I don't often worry about my relationship status. Mostly because I know worrying about it won't change it. And also because most of the time, I don't mind being single. I like my alone time; I prefer it sometimes.
But every now and then, the reality of my singleness sneaks up on me. It certainly did last week, as my birthday rolled through. I had a moment where I thought to myself, "I'm 31, and I've still never been in love or had someone be in love with me." I guess I still have that notion in my head that certain things should happen to people by the time they reach a particular age, and I worry that I'm too old to have not had some of these experiences. I know it's silly. I also know a lot of it is my fault -- life choices and shyness make dating a tougher battle for me than for others -- but I still freaked out. I may have even beat myself up for a little while, questioning decisions I've made in the past -- people I've pushed away, chances I didn't take, beliefs/standards I hold onto, etc. I worry that I'm some kind of freak and there's no way I'll ever find someone.
Thank goodness for the music. Music always saves me. This song came on a random shuffle that afternoon, and it could not have fit more perfectly.
Yes. Thank you, Nathan Angelo. Thank you for being in my collection and singing what I needed to hear.
Someday soon -- whether it's a month or a year or five years from now -- I will find what I want and what I deserve. At least that's what I'm telling myself this week. And it's what I'm having the music tell me.
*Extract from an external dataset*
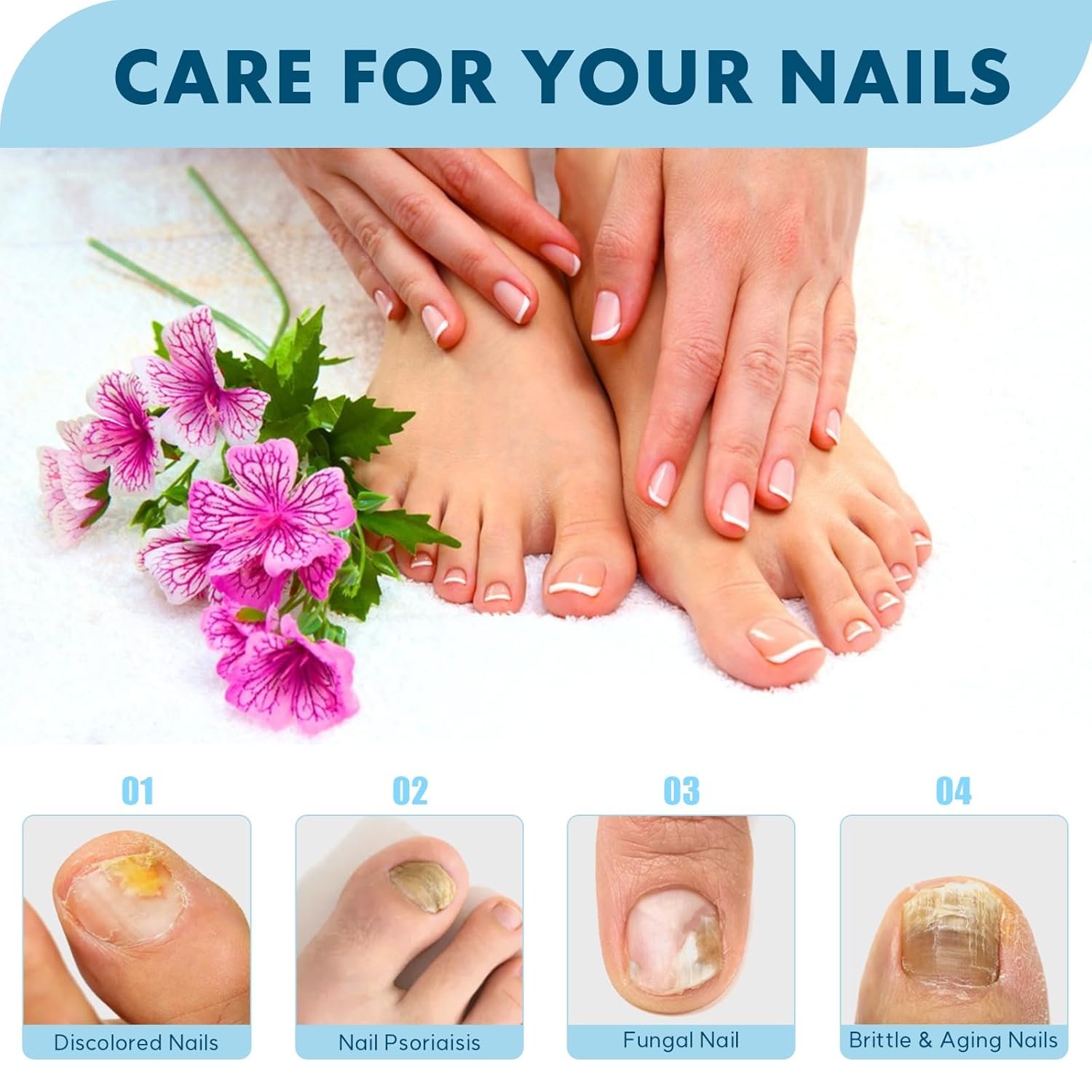 Toenail Fungus Treatment,Toe Fungus Nail Treatment Extra Strength Fast Acting, Toe Fungus Treatment for Toenail, Toenail Fungus Treatment Extra Strength. (2Pcs) - Image 4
I think this is the most emo post I've written since I started this blog, and to be honest, I wrestled with the decision of posting it. I worried about how it would be perceived. I know there are people who have much bigger problems than this. I know it's a lame thing to get upset about, especially compared to what some of my friends are going through. But I still feel what I feel. I won't apologize for that. I don't always feel this way, but I think it's important to let the feeling play out when I do. And I'm trying to remain true to the name of this blog -- Unabashedly Me -- and be completely honest in my posts. Admittedly, I've guarded my emotions a bit to this point, and I will continue to do so, to an extent. There aren't many people who are privy to everything I'm thinking and feeling. Honestly, now that I stop to think about it, I'm not sure anyone has that kind of access to me these days. There are just some things better kept inside, although I will continue to share plenty on here. Many thanks to those who read.